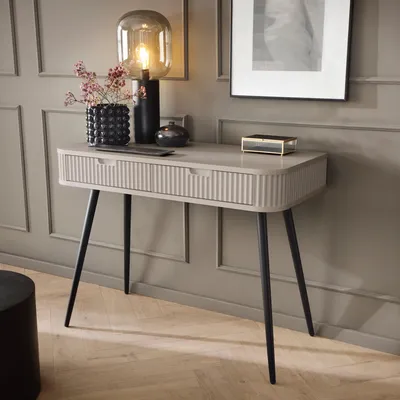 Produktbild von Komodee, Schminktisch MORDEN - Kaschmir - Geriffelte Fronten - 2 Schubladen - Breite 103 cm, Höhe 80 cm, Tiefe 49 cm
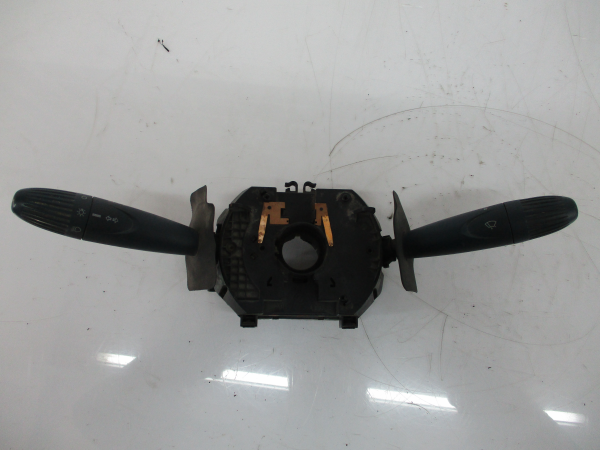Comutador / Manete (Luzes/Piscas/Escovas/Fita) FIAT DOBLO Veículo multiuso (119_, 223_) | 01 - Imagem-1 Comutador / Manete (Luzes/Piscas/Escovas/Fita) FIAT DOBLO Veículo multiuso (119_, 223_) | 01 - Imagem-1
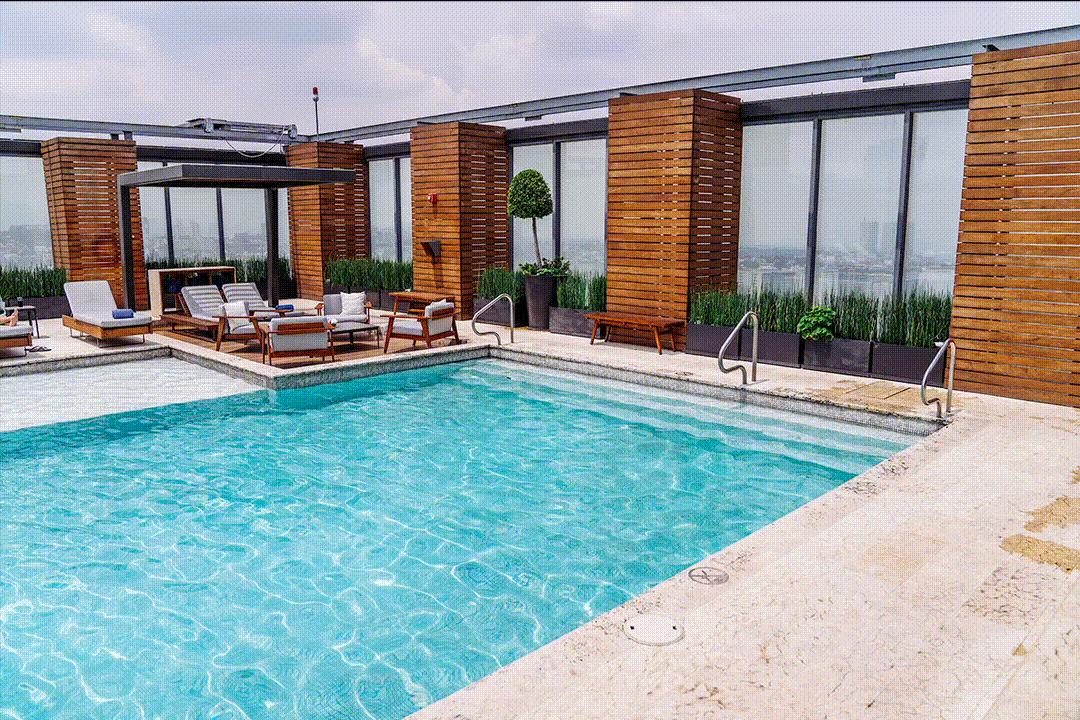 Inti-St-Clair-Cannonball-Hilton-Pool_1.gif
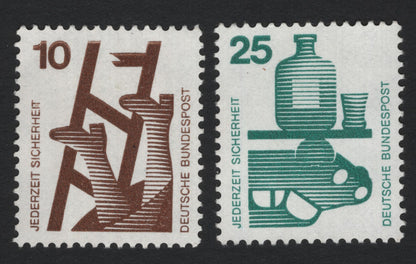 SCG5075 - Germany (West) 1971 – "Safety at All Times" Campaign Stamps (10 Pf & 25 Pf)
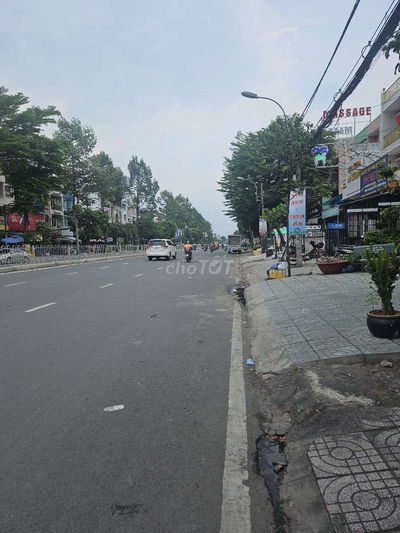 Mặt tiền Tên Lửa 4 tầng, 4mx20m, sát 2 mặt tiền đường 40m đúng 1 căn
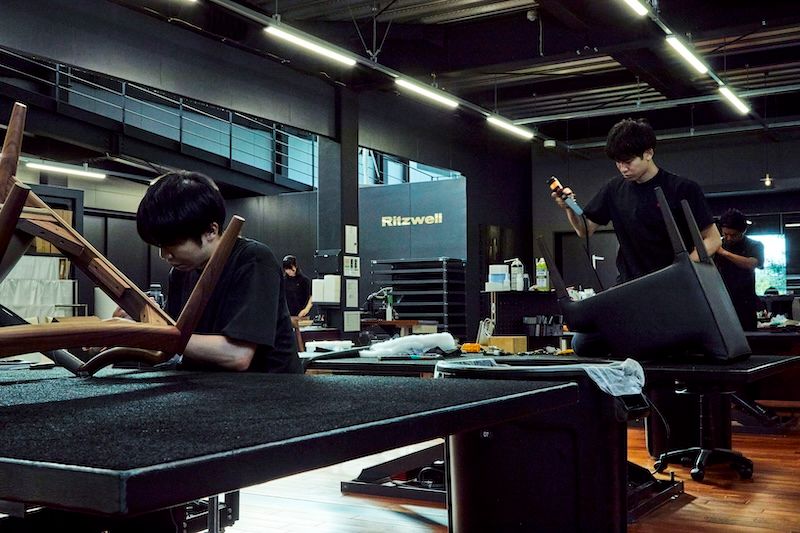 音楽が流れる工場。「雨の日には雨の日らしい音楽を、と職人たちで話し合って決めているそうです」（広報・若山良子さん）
☆ ☆ ☆ ☆
### WHAT YOU HAVE TO DO
Repeat word for word, leaving out the pictures, each line of the records from the line that holds "- Imagem-1 Comutador" through the final one.

### RESPONSE FOR THIS EXERCISE
Comutador / Manete (Luzes/Piscas/Escovas/Fita) FIAT DOBLO Veículo multiuso (119_, 223_) | 01 - Imagem-1 Comutador / Manete (Luzes/Piscas/Escovas/Fita) FIAT DOBLO Veículo multiuso (119_, 223_) | 01 - Imagem-1
 Inti-St-Clair-Cannonball-Hilton-Pool_1.gif
 SCG5075 - Germany (West) 1971 – "Safety at All Times" Campaign Stamps (10 Pf & 25 Pf)
 Mặt tiền Tên Lửa 4 tầng, 4mx20m, sát 2 mặt tiền đường 40m đúng 1 căn
 音楽が流れる工場。「雨の日には雨の日らしい音楽を、と職人たちで話し合って決めているそうです」（広報・若山良子さん）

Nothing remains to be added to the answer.